表18 年齢階級別に「よくする」と答えた夫婦のコミュニケーションのあり方
年齢階級別に「よくする」と答えた夫婦のコミュニケーションのあり方


     夫婦の関係を年齢別にみていると、夕食については、30代、40代においてあまりないと答えたものが目立つ。これは30代、40代の妻の夫がいわゆる働き盛りであって、家にいる時間もあまりない状況を垣間見ることができる。それが夫も定年を迎えて高齢になると大多数が夫婦で食事をとるように、あるいはとれるようになる。妻が働いているかどうかは、夕食を一緒にするかどうかにつていはあまり違いが見られない。
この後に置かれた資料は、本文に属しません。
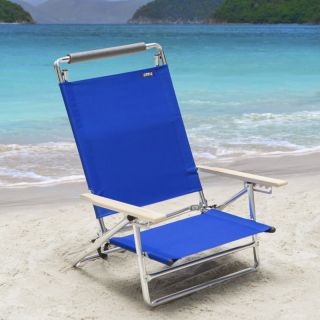 Copa 5 Position Lay Flat Aluminum Beach Chair  Pacific Blue   57500P2C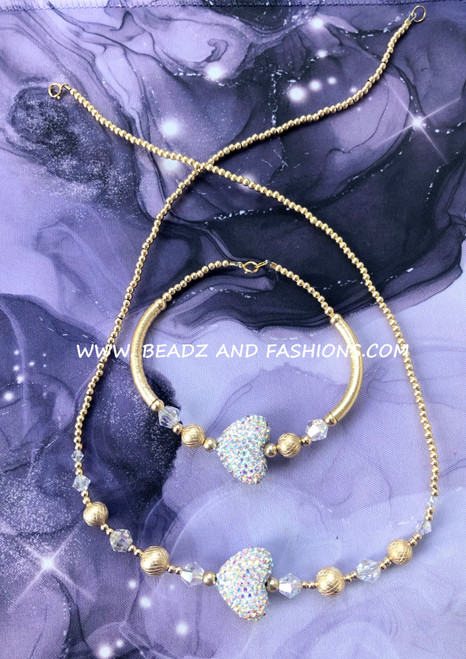 14k gold 2pc pave precision  heart set #3B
夫婦のあり方に長い勤務時間といった雇用慣行が反映されている側面がうかがえる。

     一緒に買い物に行くかどうかは、年齢によって違いがはっきり出ている。20代の若い夫婦にいたっては、半数近くがよく一緒に買い物をすると答えており、30代においても38.5%の者が夫婦一緒に買い物をすると言っている。一方全く一緒にしないという者の割合が年齢と共に確実にあがっている。旅行についても20代の若い夫婦は一緒によくすると答えているものの割合が高い。帰宅時間や週の予定についても、20代の密接な関係が浮き彫りにされている。悩み事については、20代の緊密な関係は認められるものの、30代以降の世代では、相談する程度にそれほどの違いはない。
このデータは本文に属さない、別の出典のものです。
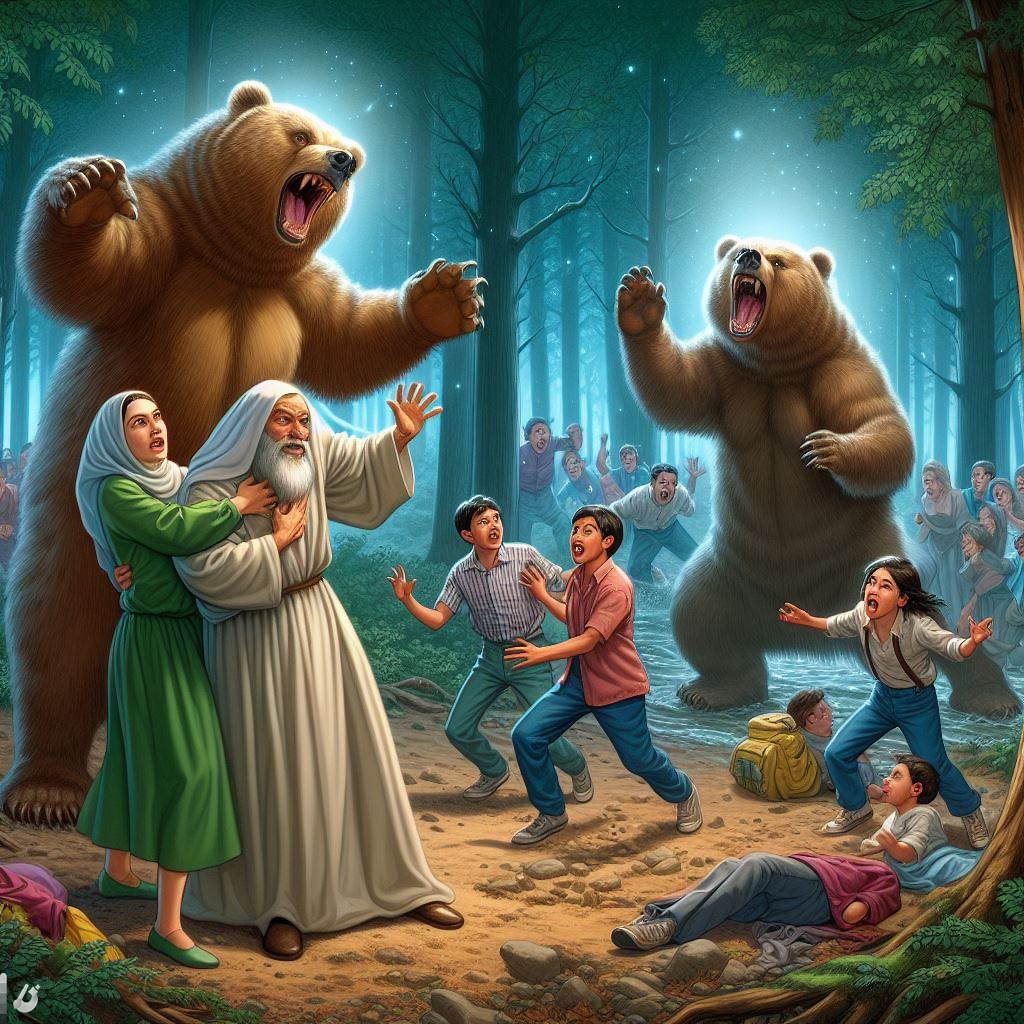 Ark.au Illustrated Bible - 2 Kings 2:24 - He looked behind him and saw them, and cursed them in the name of Yahweh. There came forth two she-bears out of the wood, and mauled forty-two lads of them.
     以上、夫婦間のコミュニケーションについてみると、若い者ほど何でも一緒に考え、やっていこうとする夫婦のあり方がうかがえるが、年齢があがるにつれて何でも一緒にというのは少なくなる。
図19 年齢階級別理想の夫婦の過ごし方
年齢階級別理想の夫婦の過ごし方


     夫婦の理想的な過ごし方をみると、若年層で「いつも一緒に」という状況、高年層で「それぞれの生活を優先して」という世代によって明らかに異なった夫婦のあり方を志向する状況が認められた。